▶ [Records to use]
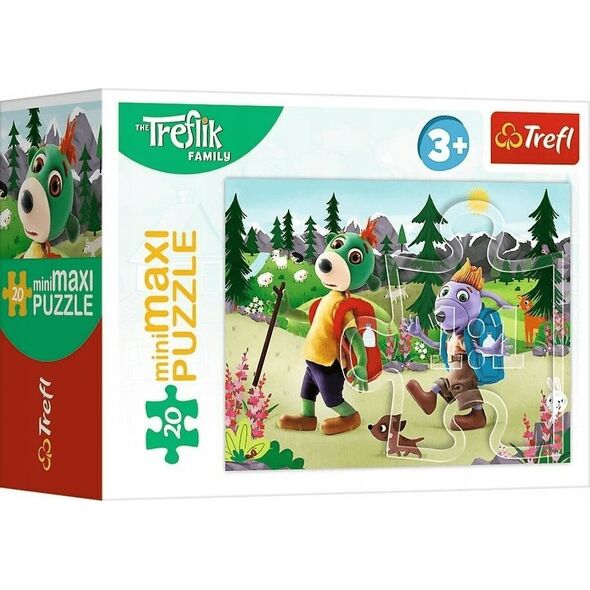 Trefl PUZZLE 20EL MINIMAXI TREFL 21155 DZIEN TREFLIKOW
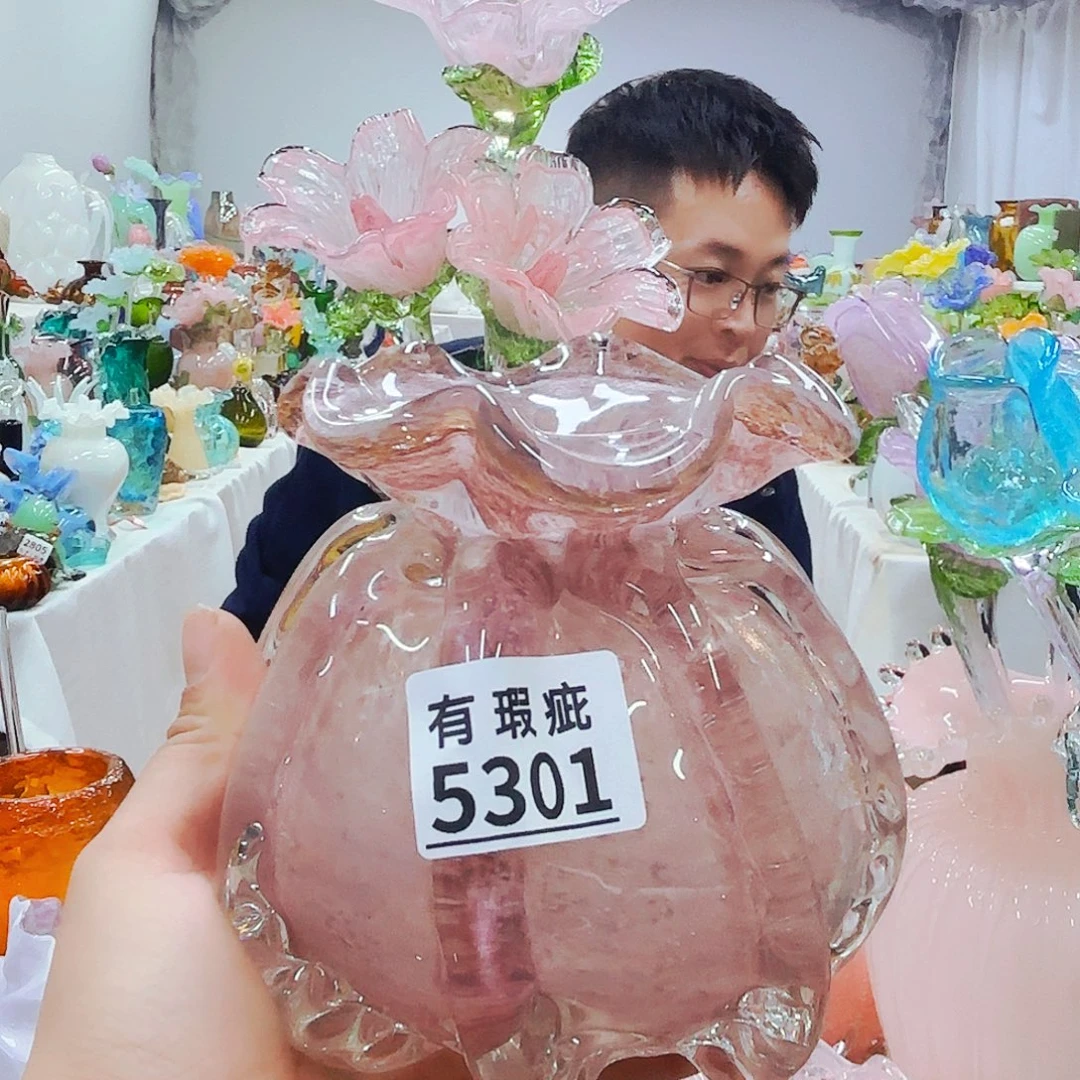 国***安福利不退不换琉璃花瓶花器艺术品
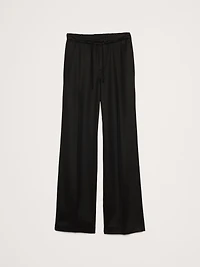 High-Rise Wide-Leg Drapey TENCEL™ Pull-On Pant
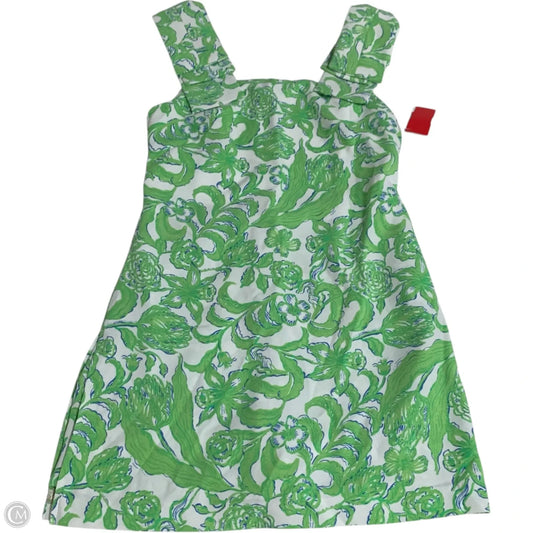 Romper Designer By Lilly Pulitzer In Green & White, Size: Xs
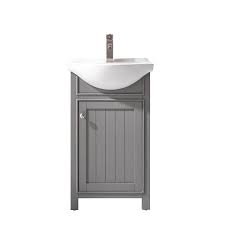 Do you assume 20 inch bathroom vanity with sink seems to be nice? Design Element Marian 20 In Grey Single Sink Bathroom Vanity With White Porcelain Top S05 20 Gy Rona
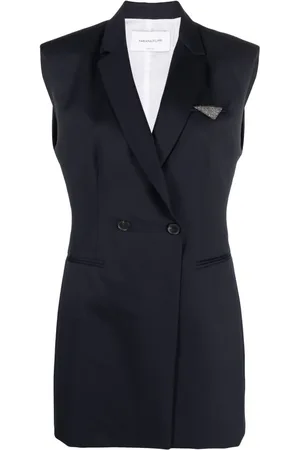 Fabiana Filippi Sleeveless merino-wool blazer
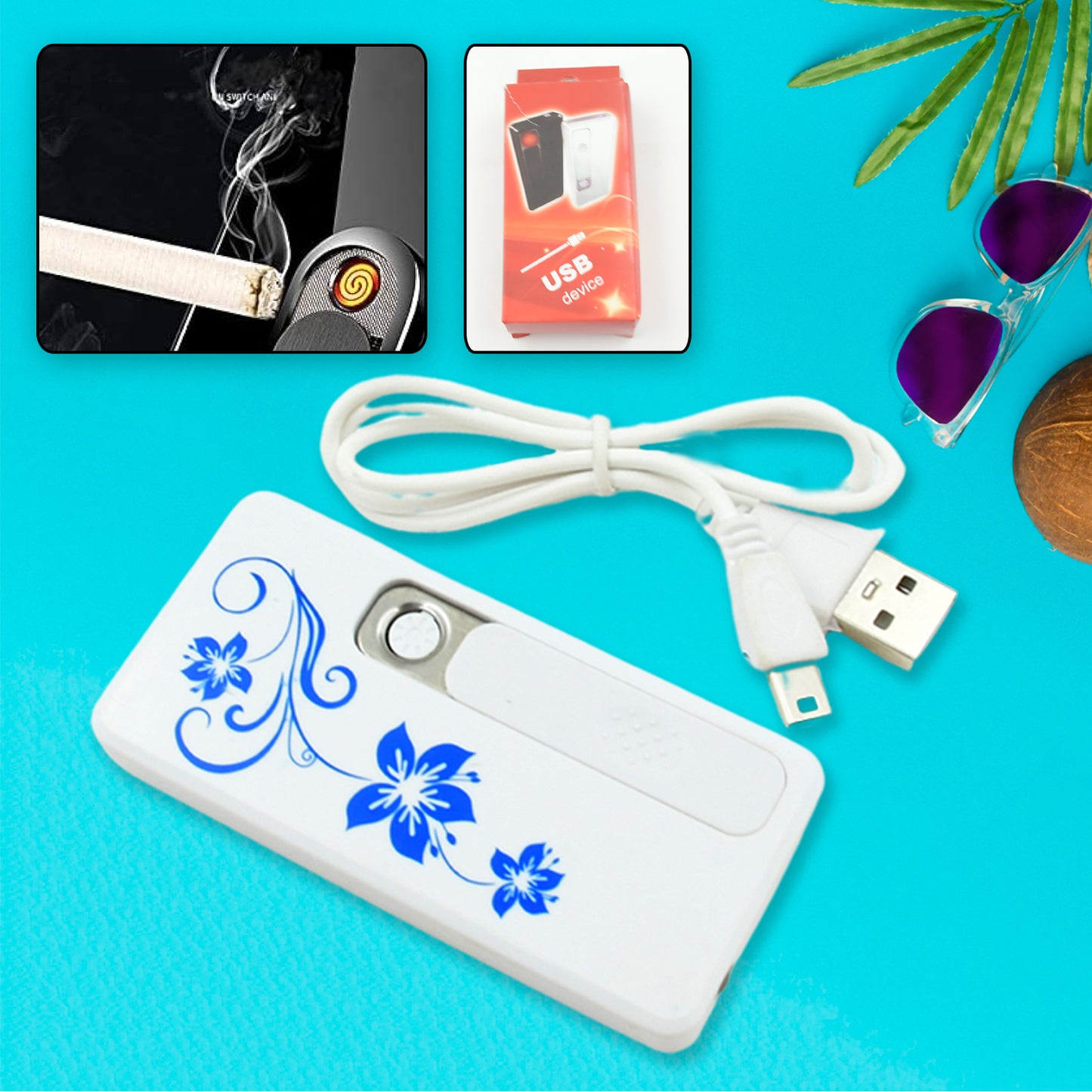 Stylish Rechargeable Electric Coil Lighter for Regular Cigarettes - Windproof, Flameless USB E-lighter (1 Pc) - Happy Price - Image 6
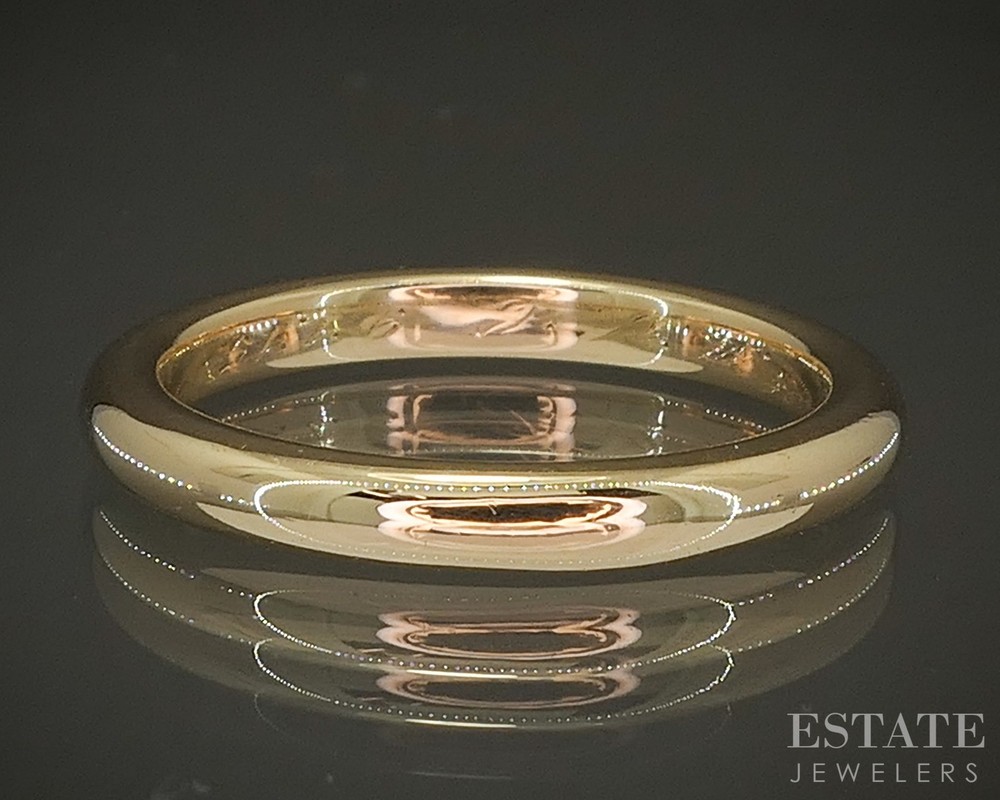 Antique 18k Yellow Gold 2.6mm Smooth Ladies Wedding Band 4.7g p27059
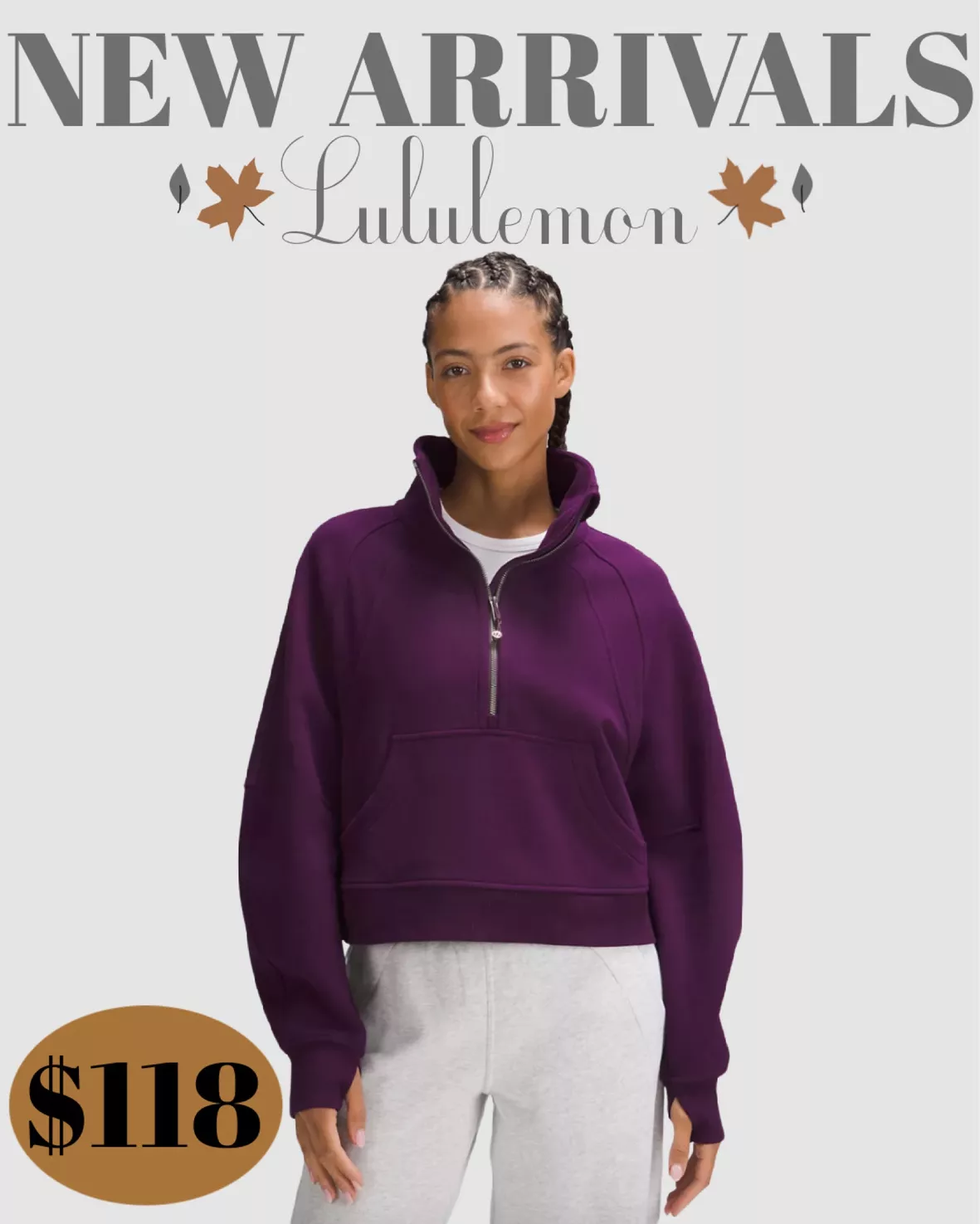 Lululemon athletica Scuba Oversized Full-Zip Hoodie, Women's Hoodies &  Sweatshirts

▶ [Directions for this task]
Leaving out all pictures, repeat word for word the lines from the one containing "Romper Designer By" through the final line of the material above.

▶ [Task response]
 Romper Designer By Lilly Pulitzer In Green & White, Size: Xs
 Do you assume 20 inch bathroom vanity with sink seems to be nice? Design Element Marian 20 In Grey Single Sink Bathroom Vanity With White Porcelain Top S05 20 Gy Rona
 Fabiana Filippi Sleeveless merino-wool blazer
 Stylish Rechargeable Electric Coil Lighter for Regular Cigarettes - Windproof, Flameless USB E-lighter (1 Pc) - Happy Price - Image 6
 Antique 18k Yellow Gold 2.6mm Smooth Ladies Wedding Band 4.7g p27059
 Lululemon athletica Scuba Oversized Full-Zip Hoodie, Women's Hoodies &  Sweatshirts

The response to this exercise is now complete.